Chloride Interference and Correction. Chloride is the most significant interference; Cr₂O₇²⁻ oxidizes Cl⁻ to Cl₂ during digestion, registering as false COD. Each mg/L Cl⁻ contributes ~0.225 mg/L apparent COD if unmasked. Standard correction: add HgSO₄ at 10:1 Hg:Cl mass ratio, which forms HgCl₂ (negligible Cr₂O₇²⁻ reactivity). Effective up to ~2000 mg/L Cl⁻; for higher chloride, dilute sample, use silver-removal pretreatment, or use the modified Pitwell method. Modern HACH chloride-free vials use a different masking chemistry to eliminate Hg waste.

Other Interferences. Nitrite (NO₂⁻): oxidizes to NO₃⁻ contributing 1.14 mg COD per mg N. Add 10 mg sulfamic acid per mg NO₂⁻-N to mask. Volatile organics: partially escape during open-reflux digestion; closed-reflux retains them quantitatively. Reduced inorganics (S²⁻, Fe²⁺, Mn²⁺, NH₃ at high concentrations) contribute to COD legitimately — distinguishing organic vs inorganic COD requires separate TOC analysis. Pyridine and aromatic-N compounds are not fully oxidized; this is one of the documented limitations of the dichromate method.

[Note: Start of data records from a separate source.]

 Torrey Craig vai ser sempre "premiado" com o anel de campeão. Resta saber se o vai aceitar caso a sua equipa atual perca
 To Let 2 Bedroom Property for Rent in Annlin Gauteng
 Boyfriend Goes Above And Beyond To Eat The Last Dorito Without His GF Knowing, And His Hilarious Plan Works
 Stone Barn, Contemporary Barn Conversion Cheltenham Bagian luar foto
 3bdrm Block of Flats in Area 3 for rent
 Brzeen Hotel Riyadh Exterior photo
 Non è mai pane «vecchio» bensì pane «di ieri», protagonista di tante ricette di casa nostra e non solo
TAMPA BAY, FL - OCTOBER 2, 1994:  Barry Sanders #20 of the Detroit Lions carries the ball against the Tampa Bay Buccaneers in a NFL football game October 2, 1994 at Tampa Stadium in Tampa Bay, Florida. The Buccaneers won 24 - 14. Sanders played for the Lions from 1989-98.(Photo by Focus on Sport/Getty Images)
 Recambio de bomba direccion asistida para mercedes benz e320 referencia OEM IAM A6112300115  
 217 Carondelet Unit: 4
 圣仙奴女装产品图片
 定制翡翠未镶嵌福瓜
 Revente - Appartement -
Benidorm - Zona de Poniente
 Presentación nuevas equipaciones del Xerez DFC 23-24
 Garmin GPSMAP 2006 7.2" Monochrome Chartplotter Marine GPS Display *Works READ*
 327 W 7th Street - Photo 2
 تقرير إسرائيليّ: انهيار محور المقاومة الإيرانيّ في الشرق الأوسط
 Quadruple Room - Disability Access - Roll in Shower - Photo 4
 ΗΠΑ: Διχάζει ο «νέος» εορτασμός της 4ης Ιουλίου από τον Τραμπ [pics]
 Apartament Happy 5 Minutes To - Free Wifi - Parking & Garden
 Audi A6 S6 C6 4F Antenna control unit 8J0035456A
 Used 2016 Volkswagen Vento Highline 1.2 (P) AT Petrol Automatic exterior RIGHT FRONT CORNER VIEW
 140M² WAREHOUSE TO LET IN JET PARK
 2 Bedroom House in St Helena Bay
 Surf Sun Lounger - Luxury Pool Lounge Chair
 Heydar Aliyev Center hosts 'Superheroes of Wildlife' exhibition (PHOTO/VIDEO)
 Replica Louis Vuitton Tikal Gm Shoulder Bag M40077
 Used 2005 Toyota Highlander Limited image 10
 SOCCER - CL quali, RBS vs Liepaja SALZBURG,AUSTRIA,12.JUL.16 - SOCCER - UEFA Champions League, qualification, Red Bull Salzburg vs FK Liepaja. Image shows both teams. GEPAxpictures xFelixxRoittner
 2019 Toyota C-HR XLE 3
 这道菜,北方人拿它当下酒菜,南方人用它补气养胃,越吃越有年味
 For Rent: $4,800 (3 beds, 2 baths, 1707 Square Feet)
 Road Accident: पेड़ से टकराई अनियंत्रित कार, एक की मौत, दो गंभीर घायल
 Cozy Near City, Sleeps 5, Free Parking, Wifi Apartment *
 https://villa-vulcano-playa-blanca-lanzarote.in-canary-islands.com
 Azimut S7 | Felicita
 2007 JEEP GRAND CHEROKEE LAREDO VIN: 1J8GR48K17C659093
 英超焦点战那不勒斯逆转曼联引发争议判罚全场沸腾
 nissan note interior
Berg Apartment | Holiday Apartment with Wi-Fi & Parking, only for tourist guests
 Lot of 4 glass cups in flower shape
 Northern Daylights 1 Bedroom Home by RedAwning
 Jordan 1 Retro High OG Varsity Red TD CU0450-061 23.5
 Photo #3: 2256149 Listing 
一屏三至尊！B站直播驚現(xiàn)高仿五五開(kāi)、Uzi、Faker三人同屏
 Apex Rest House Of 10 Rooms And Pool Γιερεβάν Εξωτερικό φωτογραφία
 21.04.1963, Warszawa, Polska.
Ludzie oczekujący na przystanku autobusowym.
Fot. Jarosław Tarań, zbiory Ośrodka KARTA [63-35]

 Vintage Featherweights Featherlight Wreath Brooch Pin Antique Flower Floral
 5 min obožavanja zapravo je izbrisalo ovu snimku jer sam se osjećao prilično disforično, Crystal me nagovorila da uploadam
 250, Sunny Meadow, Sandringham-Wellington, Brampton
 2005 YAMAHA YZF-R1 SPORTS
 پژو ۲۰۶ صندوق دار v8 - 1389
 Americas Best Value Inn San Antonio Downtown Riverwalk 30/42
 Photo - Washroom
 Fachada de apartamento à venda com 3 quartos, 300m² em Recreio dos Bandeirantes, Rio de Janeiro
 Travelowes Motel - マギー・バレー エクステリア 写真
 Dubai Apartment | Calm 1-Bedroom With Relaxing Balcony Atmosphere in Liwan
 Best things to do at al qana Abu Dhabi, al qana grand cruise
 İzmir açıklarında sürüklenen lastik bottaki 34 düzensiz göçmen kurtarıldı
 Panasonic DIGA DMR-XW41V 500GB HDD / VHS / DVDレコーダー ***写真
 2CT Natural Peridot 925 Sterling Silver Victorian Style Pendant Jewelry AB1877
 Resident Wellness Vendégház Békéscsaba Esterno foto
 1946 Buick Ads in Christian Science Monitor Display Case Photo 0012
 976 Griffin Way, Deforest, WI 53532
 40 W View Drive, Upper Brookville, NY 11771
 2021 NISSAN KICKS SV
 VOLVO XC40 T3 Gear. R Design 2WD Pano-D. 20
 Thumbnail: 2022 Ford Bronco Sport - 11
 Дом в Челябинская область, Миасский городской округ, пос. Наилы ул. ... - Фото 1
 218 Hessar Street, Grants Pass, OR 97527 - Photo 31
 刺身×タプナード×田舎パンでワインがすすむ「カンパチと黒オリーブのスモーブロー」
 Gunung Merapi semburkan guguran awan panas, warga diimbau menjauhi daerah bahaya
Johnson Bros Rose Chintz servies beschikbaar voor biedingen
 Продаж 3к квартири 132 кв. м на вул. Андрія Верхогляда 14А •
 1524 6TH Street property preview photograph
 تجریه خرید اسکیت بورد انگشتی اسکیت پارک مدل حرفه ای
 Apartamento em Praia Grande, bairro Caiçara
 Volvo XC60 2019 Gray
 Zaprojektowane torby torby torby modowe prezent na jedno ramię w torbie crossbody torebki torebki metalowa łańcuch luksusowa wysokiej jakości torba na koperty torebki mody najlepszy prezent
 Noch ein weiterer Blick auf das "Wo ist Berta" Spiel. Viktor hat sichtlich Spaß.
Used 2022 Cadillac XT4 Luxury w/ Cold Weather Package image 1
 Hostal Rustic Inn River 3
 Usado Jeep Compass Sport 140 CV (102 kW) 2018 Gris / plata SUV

Quality Control Standards. Glucose (C₆H₁₂O₆, MW 180.16): theoretical COD = 6 × 32 / 180.16 = 1.067 mg O₂ per mg glucose. A 200 mg/L glucose standard gives theoretical 213 mg/L COD. Recovery 95-105% expected for in-control analysis. Potassium hydrogen phthalate (KHP, KC₈H₅O₄, MW 204.22): theoretical COD = 7.5 × 32 / 204.22 = 1.176 mg O₂ per mg KHP. KHP is the preferred standard because it is non-hygroscopic, stable, and certified pure. A 425 mg/L KHP gives 500 mg/L COD theoretical. Run one QC standard per batch of 10-20 samples; reject batch if recovery falls outside 90-110%.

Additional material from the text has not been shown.